Mr. Chairman, there are a couple of things. One is that we have hewed as best we could throughout this act—and as you have heard me say before, I will not bore you with the details of each one, but there are three fundamental principles. One of those fundamental principles was restoration. One of the difficulties was that... anywhere throughout the act where we have encountered the possibility, we have tried to make sure that we were operating on the principle of restoration and not on the principle of reinstatement. Therefore, our concern was to make sure that we did not breach the principle of restoration. That was one difficulty with respect to this section.

I think also it has the effect, and Mr. Lahey can correct me, that as you go through the impact it will make a difference between those who had children before the act and those who have children after the act. In short, in one family you will create a situation whereby there will be a difference as a consequence of moving away from the principle of restoration. In a sense, we would be creating a cousins problem, which would be even greater than the problem we have now, and therefore creating a further inequity. Those were two considerations we had with respect to it.

...

I just want to make sure the point being made here is that in attempting to deal with a recognized inequity, we did not want to create an unrecognized inequity. This act has tried desperately not to create an inequity in the future.

This amendment, I think, would create an inequity between the two cousins in the next generation.

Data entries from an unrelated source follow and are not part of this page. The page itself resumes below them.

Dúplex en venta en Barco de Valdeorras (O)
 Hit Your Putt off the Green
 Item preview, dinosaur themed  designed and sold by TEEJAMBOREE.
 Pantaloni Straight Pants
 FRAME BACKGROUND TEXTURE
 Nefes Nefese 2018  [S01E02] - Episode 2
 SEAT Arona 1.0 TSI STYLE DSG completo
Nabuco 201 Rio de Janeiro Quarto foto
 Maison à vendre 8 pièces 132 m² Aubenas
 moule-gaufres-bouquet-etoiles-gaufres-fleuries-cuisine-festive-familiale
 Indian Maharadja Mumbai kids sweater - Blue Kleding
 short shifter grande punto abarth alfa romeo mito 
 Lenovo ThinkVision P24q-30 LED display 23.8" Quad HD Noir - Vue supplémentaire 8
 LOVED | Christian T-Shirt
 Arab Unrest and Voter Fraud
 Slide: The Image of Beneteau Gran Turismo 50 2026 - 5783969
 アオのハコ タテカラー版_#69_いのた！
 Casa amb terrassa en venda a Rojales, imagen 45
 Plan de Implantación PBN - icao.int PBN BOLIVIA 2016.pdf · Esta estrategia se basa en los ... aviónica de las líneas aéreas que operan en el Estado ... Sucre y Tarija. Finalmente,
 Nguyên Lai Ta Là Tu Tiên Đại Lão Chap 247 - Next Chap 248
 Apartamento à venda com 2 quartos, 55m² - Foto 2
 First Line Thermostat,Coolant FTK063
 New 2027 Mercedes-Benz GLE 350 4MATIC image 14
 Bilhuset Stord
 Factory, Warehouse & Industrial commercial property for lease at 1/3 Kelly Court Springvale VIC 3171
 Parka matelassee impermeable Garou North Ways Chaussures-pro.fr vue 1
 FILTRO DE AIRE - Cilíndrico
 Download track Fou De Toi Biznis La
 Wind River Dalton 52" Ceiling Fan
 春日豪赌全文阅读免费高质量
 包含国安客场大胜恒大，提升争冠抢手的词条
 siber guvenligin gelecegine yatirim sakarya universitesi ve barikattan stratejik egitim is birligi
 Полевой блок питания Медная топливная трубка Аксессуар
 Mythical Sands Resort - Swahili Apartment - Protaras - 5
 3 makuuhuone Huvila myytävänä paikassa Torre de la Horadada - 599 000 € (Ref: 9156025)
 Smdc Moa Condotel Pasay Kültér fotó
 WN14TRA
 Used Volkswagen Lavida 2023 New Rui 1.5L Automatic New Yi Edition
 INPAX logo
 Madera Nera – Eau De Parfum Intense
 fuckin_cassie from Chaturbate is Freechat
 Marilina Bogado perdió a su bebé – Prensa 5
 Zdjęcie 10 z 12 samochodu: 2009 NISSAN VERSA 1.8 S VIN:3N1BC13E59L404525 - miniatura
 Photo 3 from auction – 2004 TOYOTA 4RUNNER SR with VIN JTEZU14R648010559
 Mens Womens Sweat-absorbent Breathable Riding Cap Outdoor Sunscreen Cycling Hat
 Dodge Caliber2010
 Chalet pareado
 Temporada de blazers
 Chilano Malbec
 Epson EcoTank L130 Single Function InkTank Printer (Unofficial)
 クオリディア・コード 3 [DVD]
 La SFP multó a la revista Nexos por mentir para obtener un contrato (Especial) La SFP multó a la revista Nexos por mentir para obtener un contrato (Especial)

It seems to me that, no matter what else we did in terms of past discrimination, we do not want by this act to be creating a future discrimination between cousins.

(Minutes of Proceedings and Evidence of the Standing Committee, April 23, 1985, pg. 34:51-52.)

[318]        If this was indeed the government’s reason for continuing the discrimination, I must confess, I find it difficult to comprehend.  Bill C-31 as proposed and passed in fact creates that very distinction with respect to male Indians.  Consider the following comparison.  The child of a male registered Indian who married a non-Indian prior to the passage of the 1985 Act would have been entitled to be registered pursuant to s. 11 of the previous Indian Acts as the legitimate child of a male person who was entitled to be registered.  With the passage of the amendments introduced in Bill C-31, both the father and his child would be entitled to registration pursuant to s. 6(1)(a) as persons entitled to be registered under previous Indian Acts.  If, after Bill C-31 came into force, that child married a person who was not entitled to be registered under the 1985 Act, their children would be entitled to be registered under s. 6(2) as persons with one Indian parent.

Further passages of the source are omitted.